Thank you for writing.
You’d like to experience the benefits of meditation. (Me too!)
Given that we’re in the same boat, I have some good news and some bad news.

The good news is:
You can learn how to meditate
And experience the benefits.

The bad news is:
You’re never done learning how to meditate
The benefits will come – but not in the way you imagine.

The problem with the good news is that it sets you up for frustration.
You read about meditation and learn about all the amazing benefits. You listen to teachers and are inspired to practice. You want what they promise. You want the benefits.

Reading about meditation is like reading a menu.
As you read the menu, you create mental representations of the different items. You “taste” the food in your mind. When you read a description that generates a particularly tasty mental experience, you stop and say, “That sounds good. I’ll have that!”

Then the meal arrives.
No matter what you’ve imagined, the actual meal isn’t what you thought it would be. It’s not a thought; it’s what’s on your plate. The one you’re chewing on, tasting, and swallowing.

You may be disappointed or you may be ecstatic.
Either way – you’re experiencing something that is more primary than your initial ideas about the meal.
Your ideas are secondary representations of the meal. They’re not the meal; they got you to order the meal. Now you’re chewing on the real thing.

It’s the same with meditation.
Reading books and listening to teachings generates mental
representations of what meditation could be like. When you read a text or hear a teaching that generates a particularly pleasant mental experience, you stop and say, “That sounds good. I’ll have that!”
You start practicing.

You’d never start if you didn’t have an idea about the benefits.
So the reading, the listening, and the resultant idea generating is useful. It provides initial motivation. It gets you started. Teachings provide you with mental representations of what you want meditation to feel like and do for you.
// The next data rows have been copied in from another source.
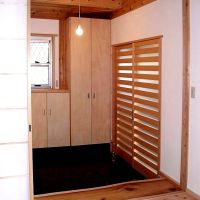 岸和田市畑町2丁目の売買物件/玄関も広くて使いやすそうです。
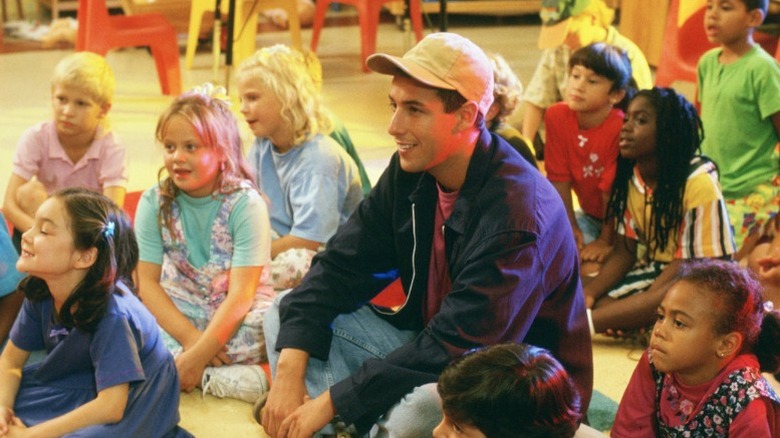 Adam Sandler kids Billy Madison at school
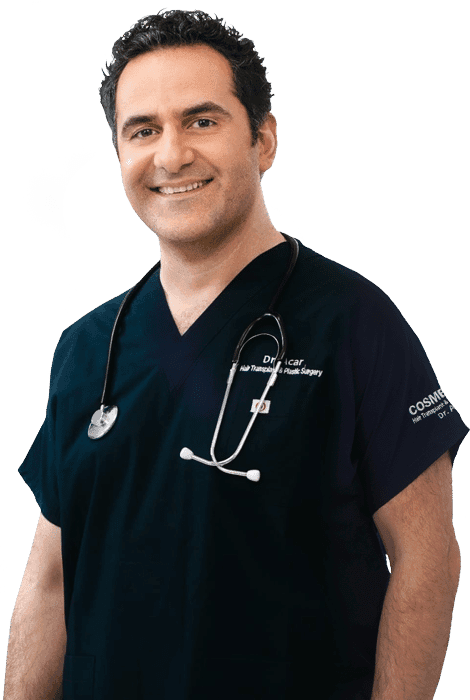Levent Acar - Hair Transplant Surgeon at Cosmedica Clinic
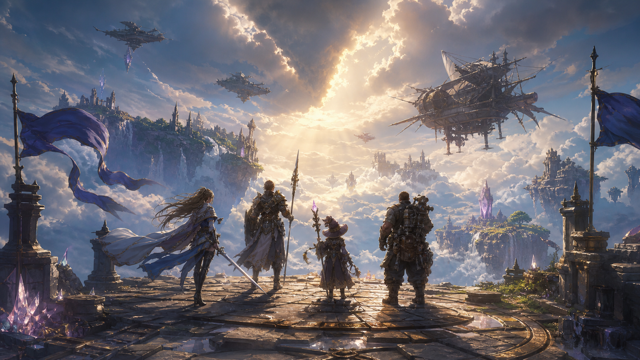 Granblue Fantasy Relink Game Customer Remake preview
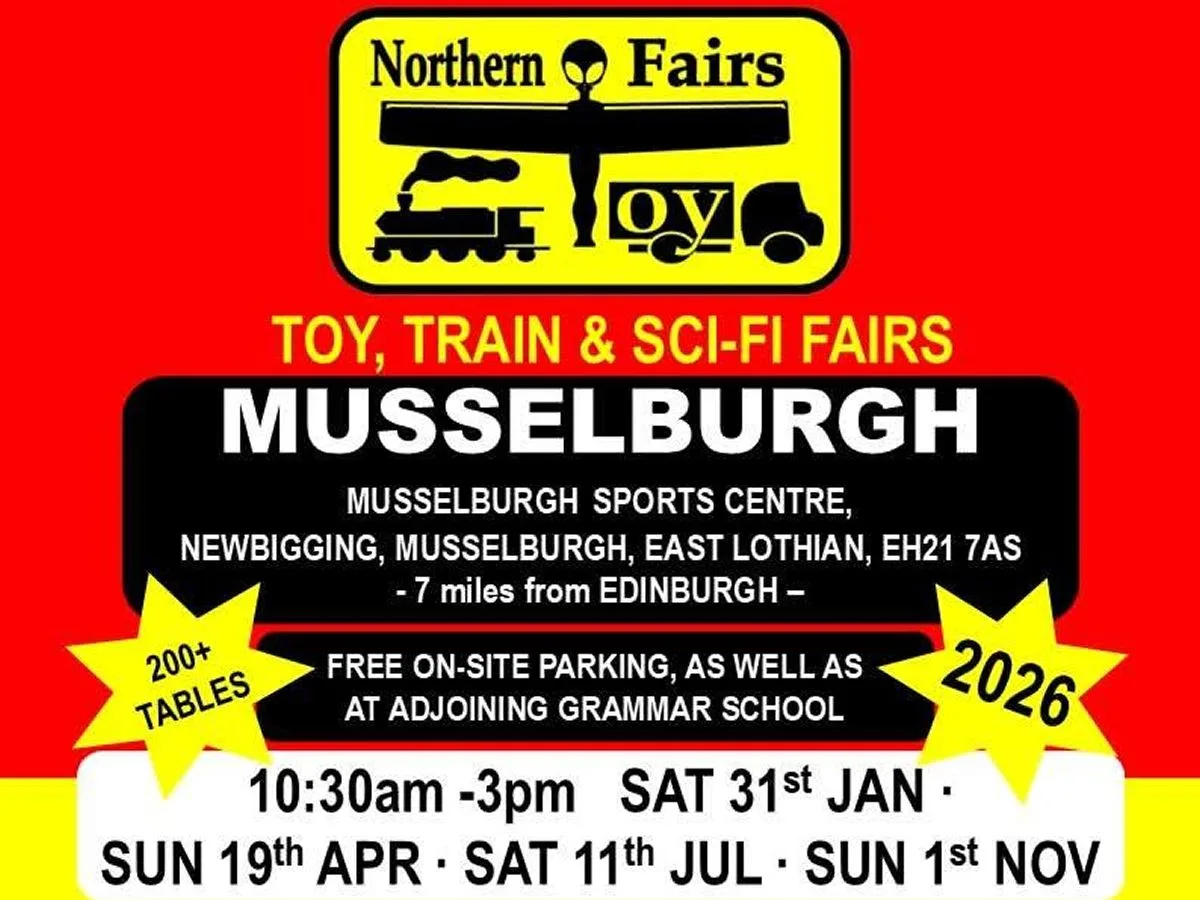 Musselburgh Toy, Train & Sci-Fi Fair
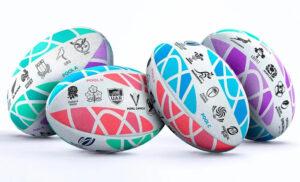 Ballon de Rugby Gilbert Emblème Coupe du Monde 2023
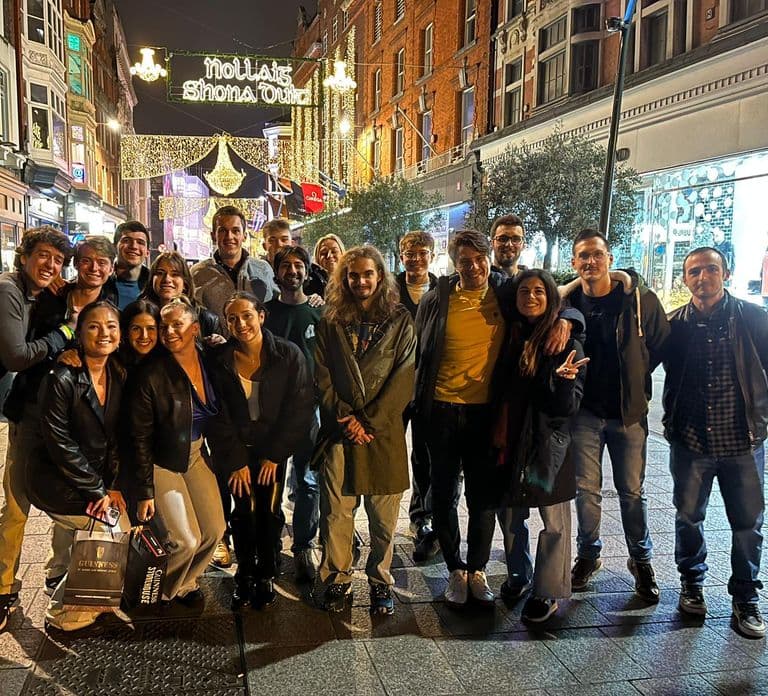 Dublin: City Pub Crawl Experience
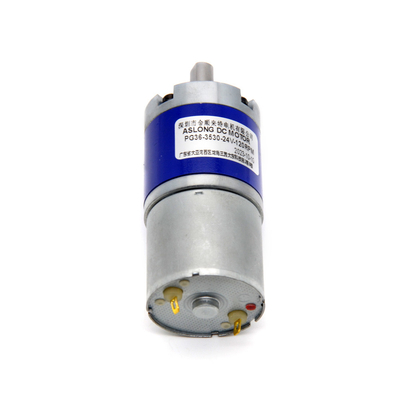 12v 36mm Hoog koppel lage toerental Planetary Dc Gear Motor PG36-3530 36mm Planetary Gearbox Reducer Brush 3530 Motor
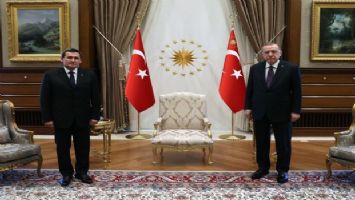 Cumhurbaşkanı Erdoğan, Türkmenistan Dışişleri Bakanı&#039;nı kabul etti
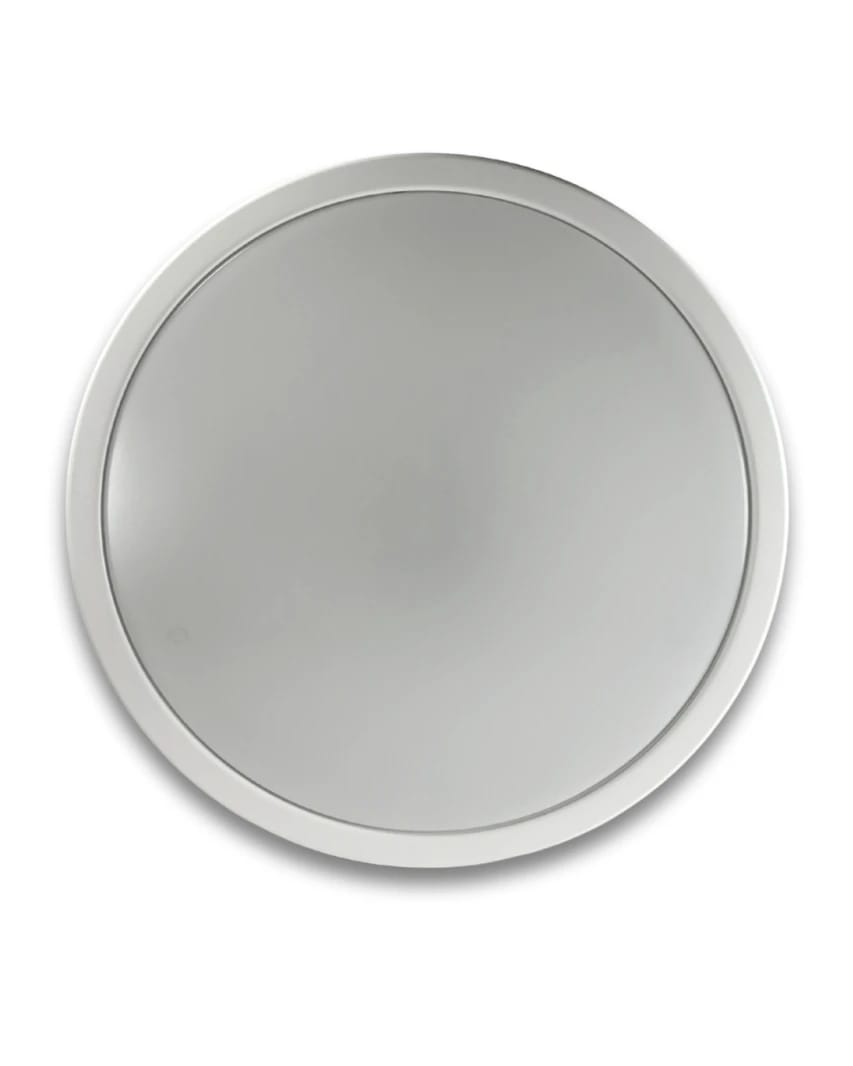 Outdoor Spotlight 65W Desert Color 40cm White Frame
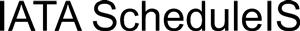 IATA ScheduleIS - לוגו סימן מסחר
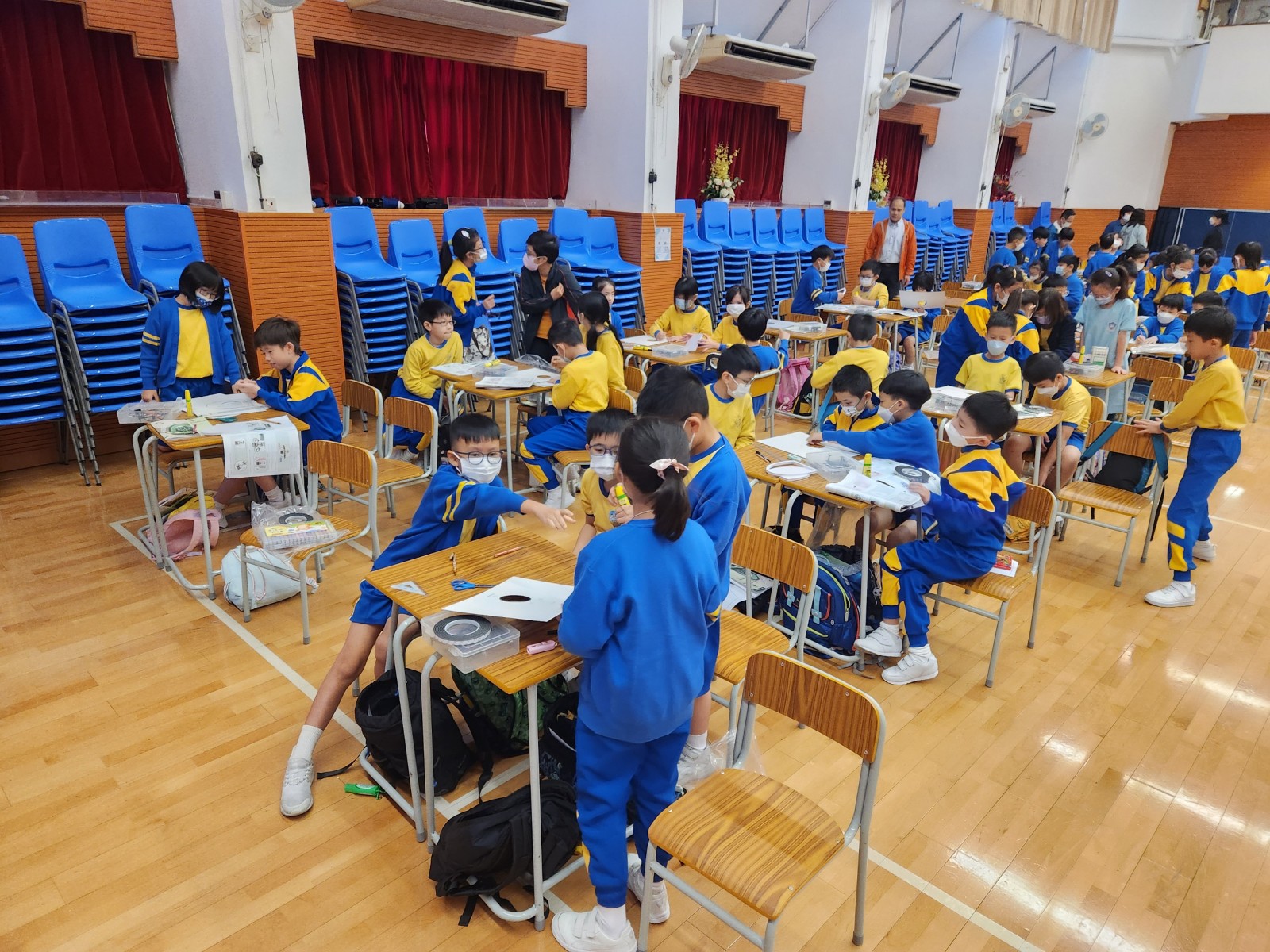 Hovercraft Fun Day - Shak Chung Shan Mem Catholic Primary School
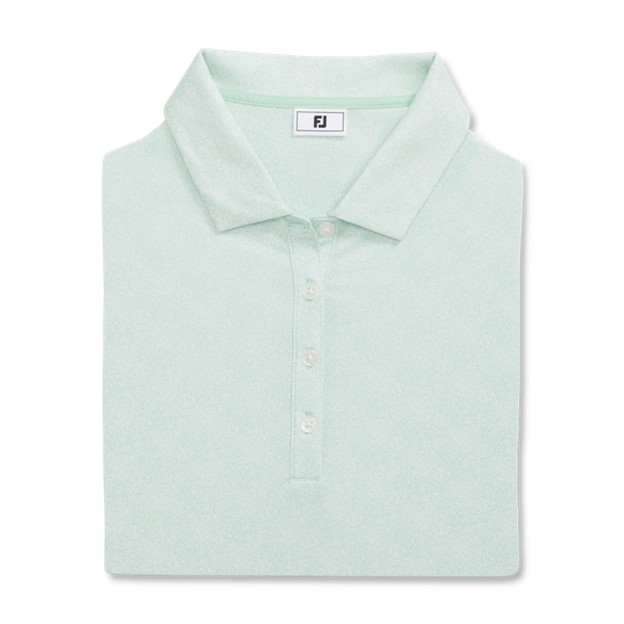 Picture of FootJoy Women's Short Sleeve Speckle Print Shirt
Ideas get you to sit down.
That’s when the contrast between your ideas of how you want it to be and the way it is arises.
Because no matter how carefully you’ve constructed your mental representation, it will never match for the actual experience of this moment. This moment is what it is . . . despite your ideas and expectations.

This is true at restaurants and on the meditation cushion.
As you practice this contrast because more and more obvious.

  • How you meet this contrast is learning how to meditate.
  • How you meet this contrast is what will bring you benefits that you cannot imagine.

Notice the word . . . how.
This word how is the key to embracing the bad news about meditation that:
You’re never done learning how to meditate.
The benefits will come – but not in the way you imagine.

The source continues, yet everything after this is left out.